Andrew Sullivan said that the Rasmussen poll has been disconcordant with other polls in recent months, and he shows us the graphs (from Pollster.com) to show us. A good example of effective visualization.
Note what makes it work: identical vertical scales on both charts, identical time frames, matched colors (disapproving red, approving black).
Reference: "Rasmussen vs. the rest", Andrew Sullivan blog, Dec 29 2009.
[Update - 1/5/2010: A few constructive comments, including a stern note from "A Professor", sent me scrambling to see if I have been too trusting of the experts. Thankfully, the original source of these charts, Pollster.com, provides interactive tools that can be used to test the suggestions.
It is true that the Gallup poll is a counter-balance to the Rasmussen, biased in the opposite direction, although when one looks at the evidence below, one still has to conclude that the variation between the Rasmussen and all others is much more striking than that between the Gallup and all others. In particular: the disapproval proportion has exceeded the approval since August in the Rasmussen when this pattern is still not completely clear in the aggregate of all other polls by December. (The cross-over appears to be inevitable unless some new policy sways public opinion back to Obama soon.)
On the balance, I'd still consider Sullivan's point to be valid. Then again, I don't consider myself an experts on polls so there could well be other anomalies hiding within the dozens of polls. I am a bit intrigued/disturbed by the fact that the Gallup apparently did not measure disapproval until August, or perhaps there was a glitch in the plotting software.

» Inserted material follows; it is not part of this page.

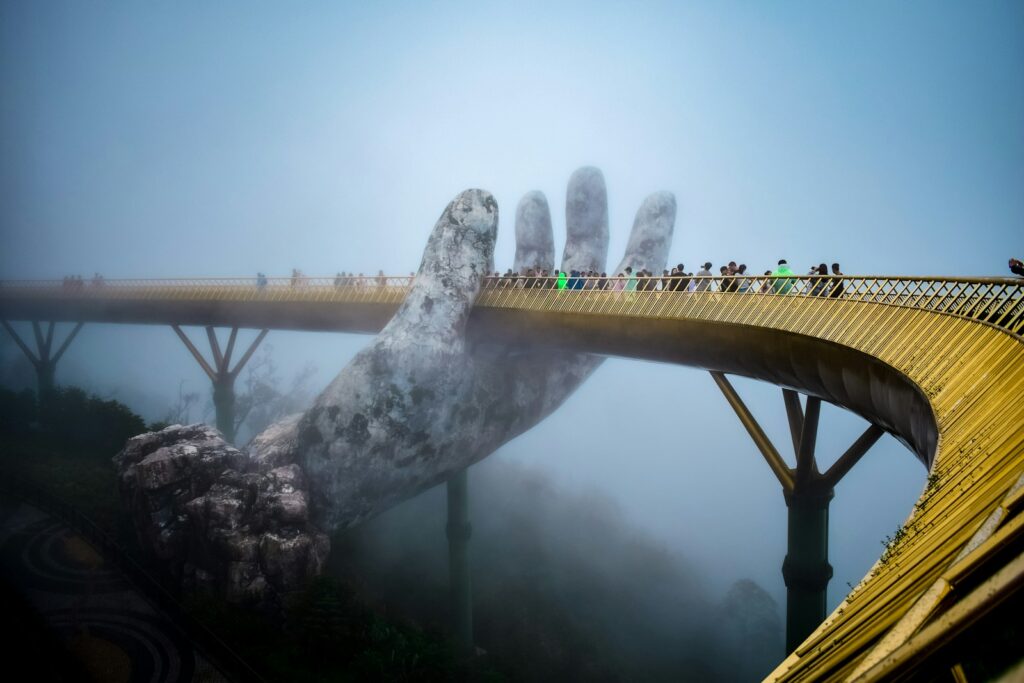 a bridge that has a giant hand on it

Of course, any polls or market research interviews can be easily manipulated, via selection of samples, via using leading questions, via the structure of questionnaires, etc. etc. That's why the Pollster-style charts showing us the aggregate trends are crucial to look at.

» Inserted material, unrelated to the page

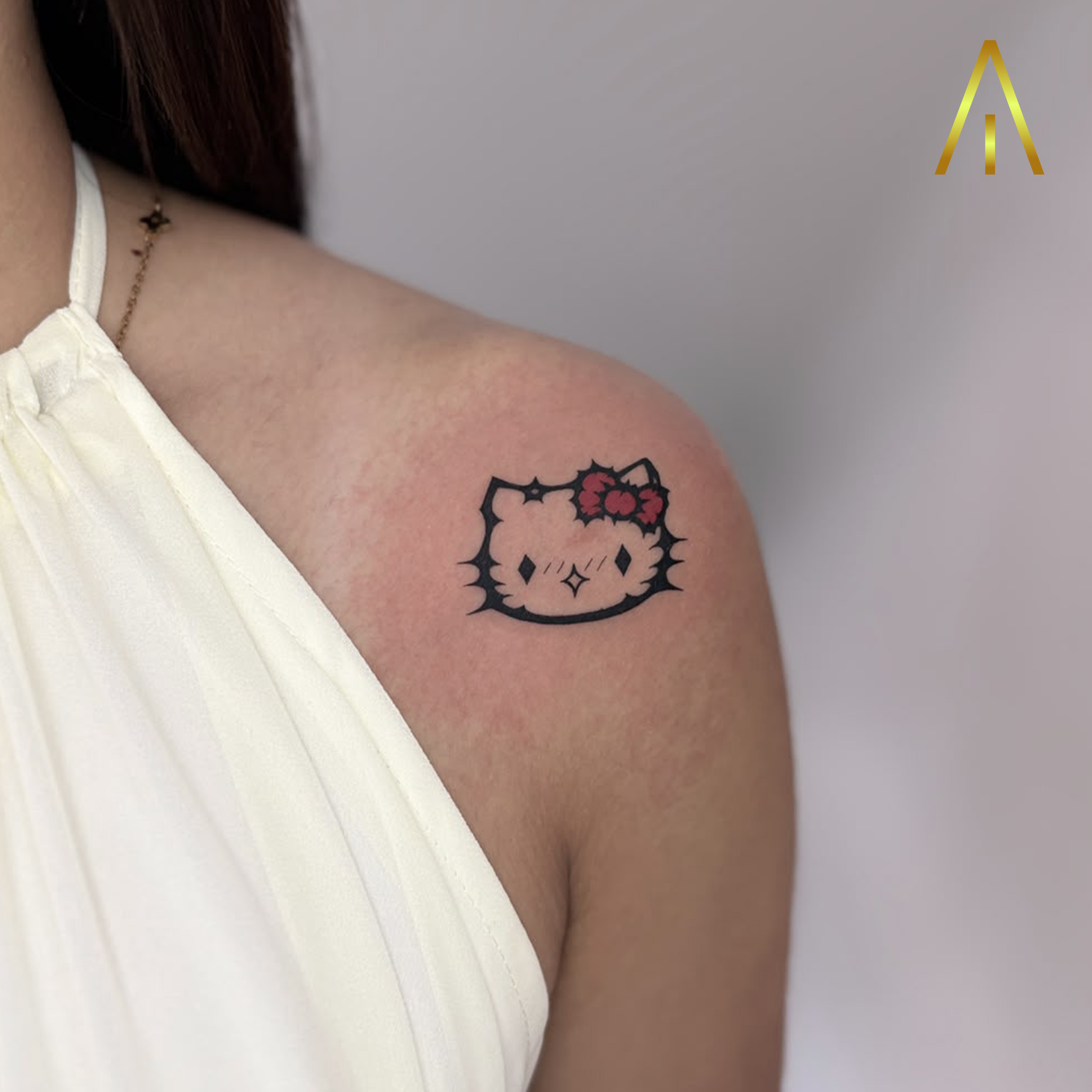 Katie minimal Hello Kitty with red bow shoulder tattoo Chiang Mai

Cherry-picking is to be frowned upon but sometimes the cherry-picked item is indeed an outlier, and at other times it is not. When an entire group is being taken out, and the underlying dataset is large, as in here, the risk of falsely throwing out good data is smaller but it is always good to be vigilant.
On this last point, I'm again grateful to our vigilant readers for pointing out problems with the initial post.]